[[ AVAILABLE DATA, beginning ]]

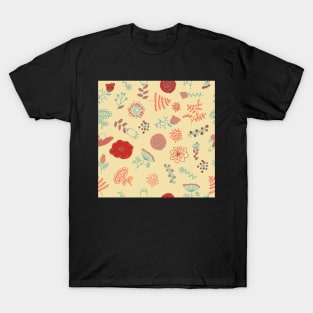 Elegance Seamless pattern with flowers, vector floral illustration in vintage style T-Shirt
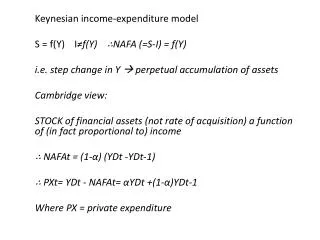Keynesian income-expenditure model S = f(Y) I ?f (Y) ?NAFA (=S-I) = f(Y)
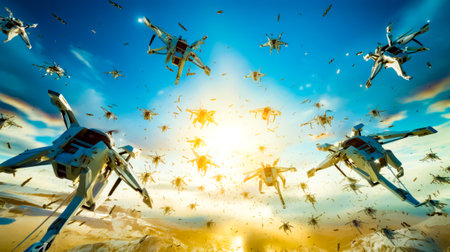 Group of planes flying through the air over mountain range with sun in the background. Generative AI.の素材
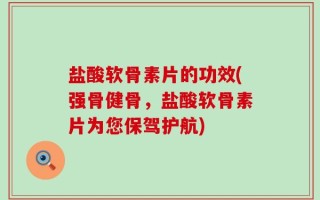 盐酸软骨素片的功效(强骨健骨，盐酸软骨素片为您保驾护航)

[[ AVAILABLE DATA, end ]]

### WHAT TO PRODUCE:
With the pictures excluded, retype exactly the lines from the one containing "Group of planes" through the last line of the listing, both ends included.

### RESULT OF THE EXERCISE:
 Group of planes flying through the air over mountain range with sun in the background. Generative AI.の素材
 盐酸软骨素片的功效(强骨健骨，盐酸软骨素片为您保驾护航)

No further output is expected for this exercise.